Rowan first travels to British Jamaica where, posing as a Canadian merchant sailor, he joins the crew of a neutral British ship on its way to Cuba. But the Spanish have already discovered the mission and have hired the cynical, amoral Dr. Ivan Krug to identify the American and stop him before he can reach Garcia. Krug takes passage on the British ship and questions everyone on board. This leads Rowan to jump ship at night in a row boat and slip into Cuba.

There, continuing to dodge Krug and Spanish soldiers, Rowan meets a con man, Sergeant Dory, who is a deserter from the U.S. Marine Corps. Dory guides him to the home of a Cuban patriot who knows Garcia's whereabouts. But Spanish soldiers kill the patriot. So Rowan and Dory set out in the company of Raphaelita Maderos, the patriot's daughter.
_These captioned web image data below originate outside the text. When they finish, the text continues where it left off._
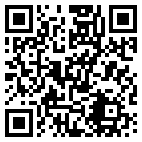 QR Code for Ha Manosh in Morrisville, VT 05661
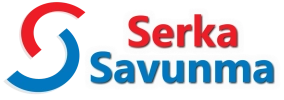 Serka Savunma Teknolojileri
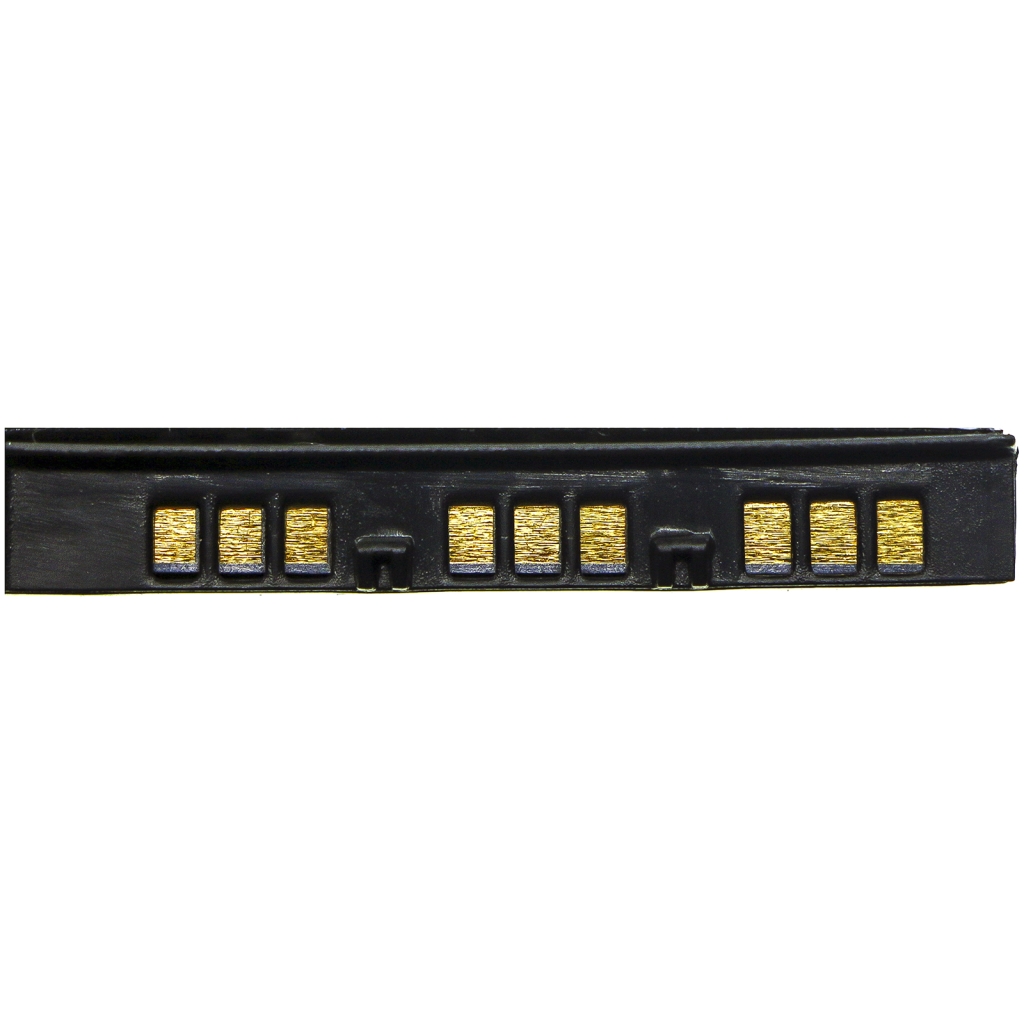 Batéria pre tablet Zebra CS-ZRT550SL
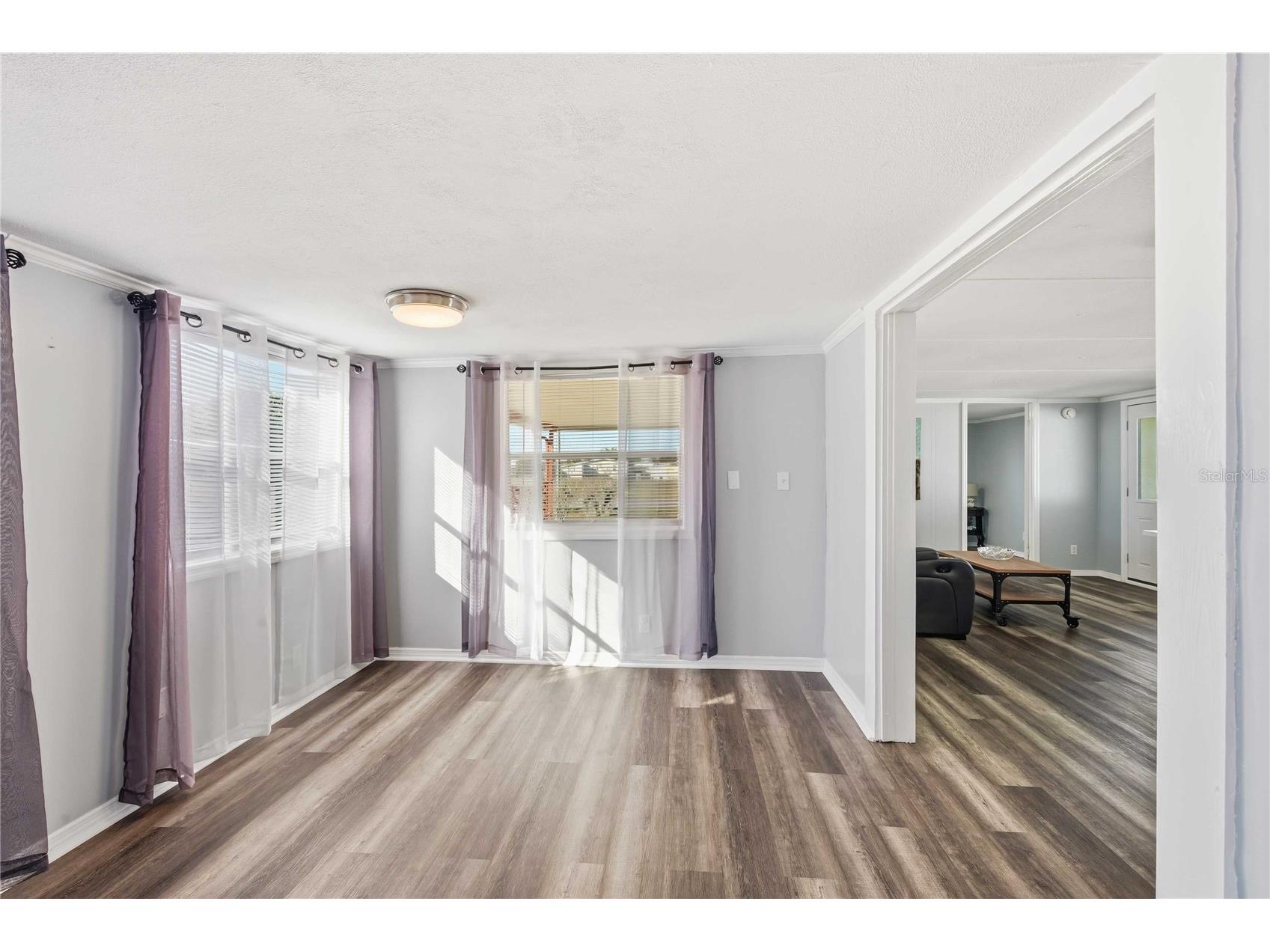 5408 Dean Dairy Road Zephyrhills FL 33541 TB8465827 image13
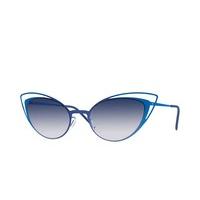 Italia Independent Sunglasses II 0218 I-METAL 021/022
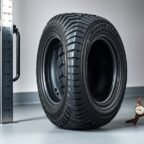 tire dimensions and specifications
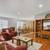 Beautifully maintained home in highly sought-after 55+ community! 2 thumbnail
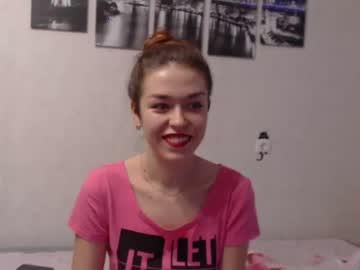 crazymolly chaturbate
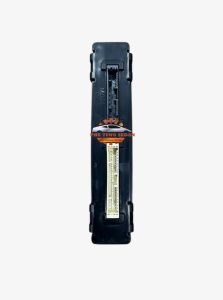 89990-0D110 HỘP SMARTKEY TOYOTA VIOS/YARIS 899900D110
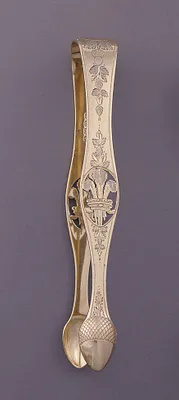p. 2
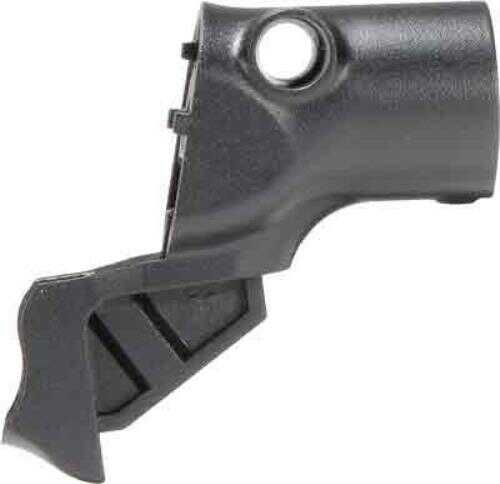 TACSTAR Stock Adapter To Mil- Spec AR-15 For M-Ber-img-0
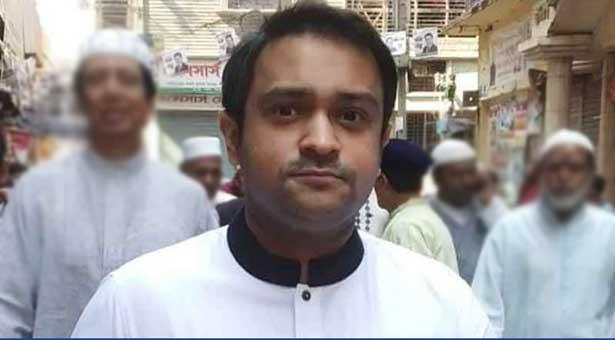 ইরফান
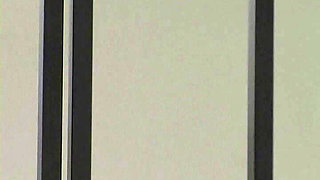 Mia Bare Back Whip Classic0987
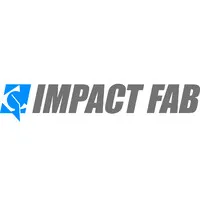 Impact Fab Inc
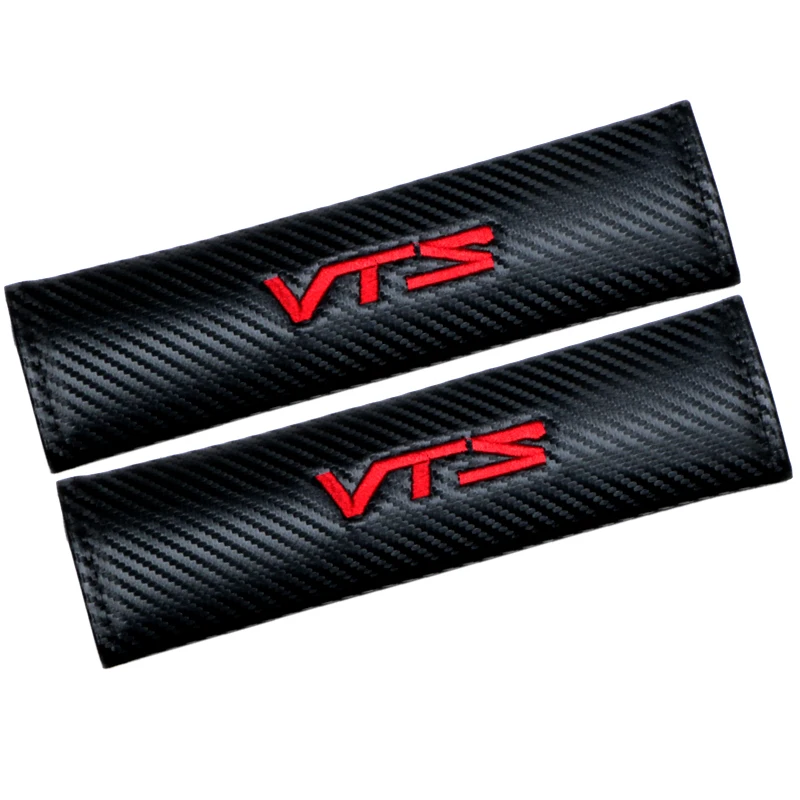 VTS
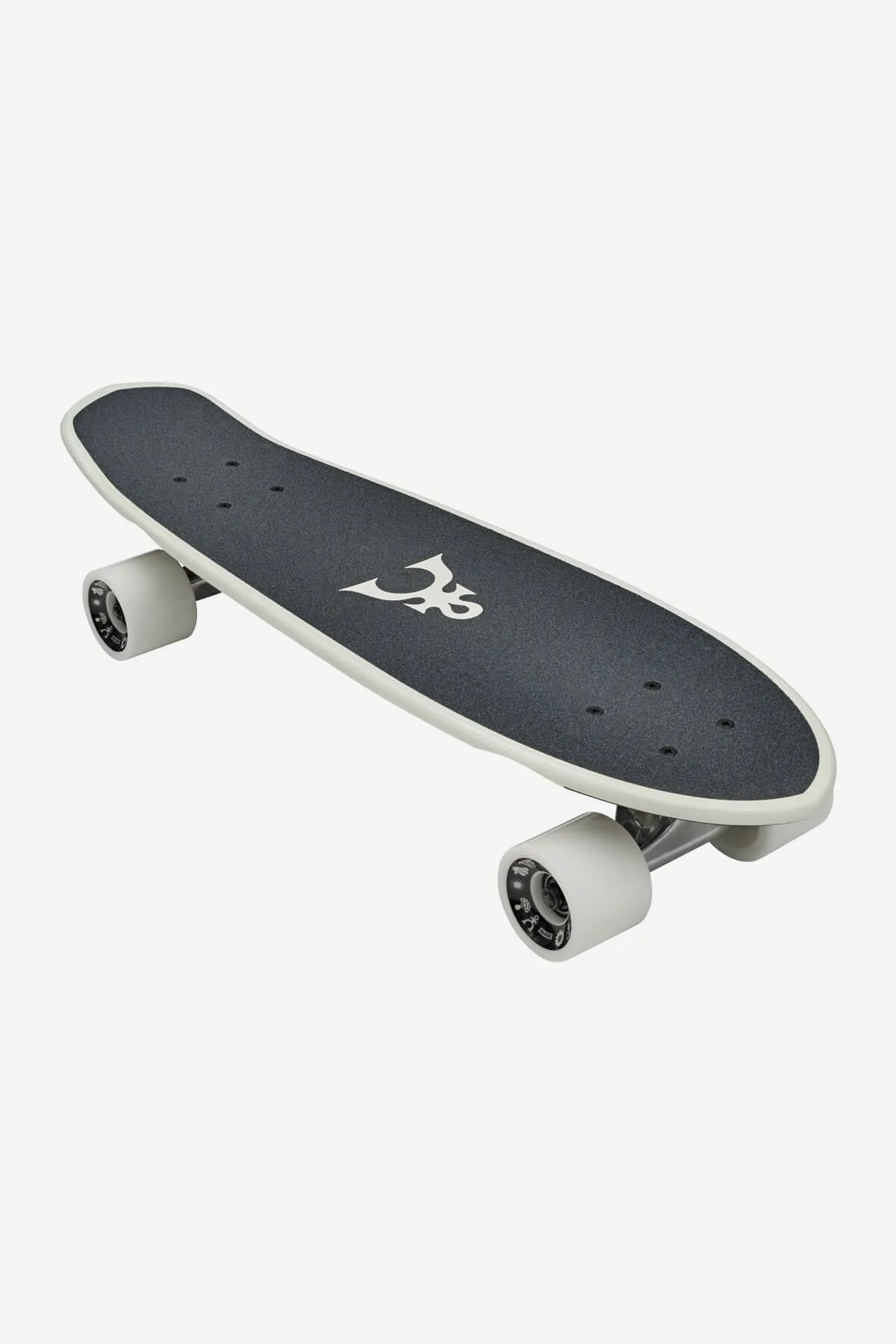 Blazer - Ma'at - 26 Cruiserboard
Aided by villages of Cuban patriots, the three make their way toward their destination. Spanish troops led by Krug remain constantly on their trail, forcing them to hide in the swamp. They also encounter Henry Piper, a British merchant from Sheffield, who has become lost in the Cuban interior. The Spanish succeed in wounding Maderos and Dory removes the bullet from her. So Rowan must continue on without her, leaving Dory behind to provide care and protection. But she orders Dory to go after Rowan to make sure he gets safely to his destination, believing that his message is more important than any one of their lives.

Dory successfully guides Rowan across an alligator-infested river and past Spanish patrols, delivering him to what he believes are General Garcia's headquarters. Then Dory departs, not realizing that the Spaniards had recently taken the stronghold. Rowan thus falls into the hands of the Spanish, and Doctor Krug begins a process of torture to discover the whereabouts of the message that Rowan has hidden in the barrel of his pistol.

Dory, meanwhile, is captured by the Cuban rebels who wish to execute him for having previously sold them useless ammunition. Dory's personal appeal to Garcia for help to rescue Rowan, who he now realizes is in Spanish hands, is refused and he faces the firing squad. Only the dramatic arrival of the British merchant Piper, who verifies the truth of Dory's story, saves the American from being shot. Garcia then organizes a rescue attempt, which Dory volunteers for.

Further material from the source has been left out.